A Viterbo, gli uomini della polizia di Stato e poliziotti turchi hanno arrestato il boss della mafia turca Boyun Baris, cittadino turco di 40 anni.
Boyun sarebbe dietro a un agguato armato commesso lo scorso 21 marzo ai danni di un locale a Istanbul di proprietà del noto chef e macellaio dei vip turco, Salt Bae. «Hanno fatto una sparatoria, i ragazzi di Besiktas, già stavano cercando una scusa, gli ho detto `Fatelo´».
All’alba due uomini in motocicletta – come confermato dalla polizia turca – avevano sparato oltre colpi contro il ristorante. «L’acredine di Boyun» nei confronti di Salt Bae, con oltre 53 milioni di seguaci su Instagram, è spiegata dallo stesso quando, intercettato, definisce «Nusret il kebabbaro, il socio dei Sarallar», la nota organizzazione criminale rivale di quella del 39enne facente capo a Burhanettin.

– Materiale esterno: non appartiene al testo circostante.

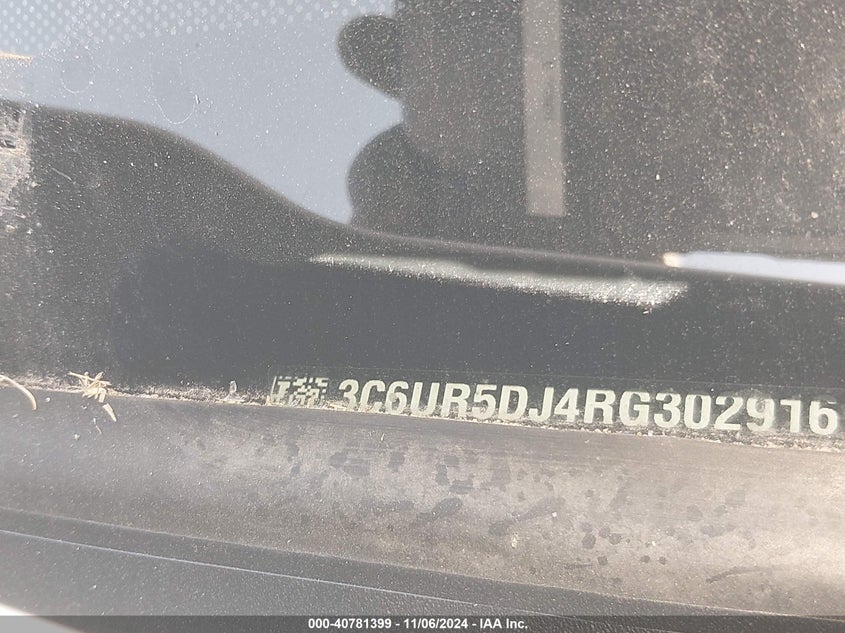 2024 RAM 2500 BIG HORN - 3C6UR5DJ4RG302916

Per il gip di Milano Roberto Crepaldi, accogliendo l’impianto accusatorio della pm Bruna Albertini, «appare evidente» che Boyun, 40 anni a giugno, «stia continuando dall’Italia», dove ritiene di aver trovato protezione, insieme ai suoi uomini, «una guerra per conquistare la supremazia su altri gruppi criminali che hanno infestato, a suo giudizio, lo stato turco, lotta che evidentemente non coinvolge solo l’aspetto criminale ma anche quello istituzionale, accusato di fiancheggiare e favorire altre organizzazioni». In questo quadro «gli attentati, gli omicidi, le gambizzazioni sono certamente funzionali a imporsi rispetto agli altri gruppi criminali ma anche a spezzare il legame esistente, sempre nell’ottica di Boyun, tra queste e lo Stato, orientando i comportamenti delle istituzioni e sostituendosi, evidentemente, a quei legami».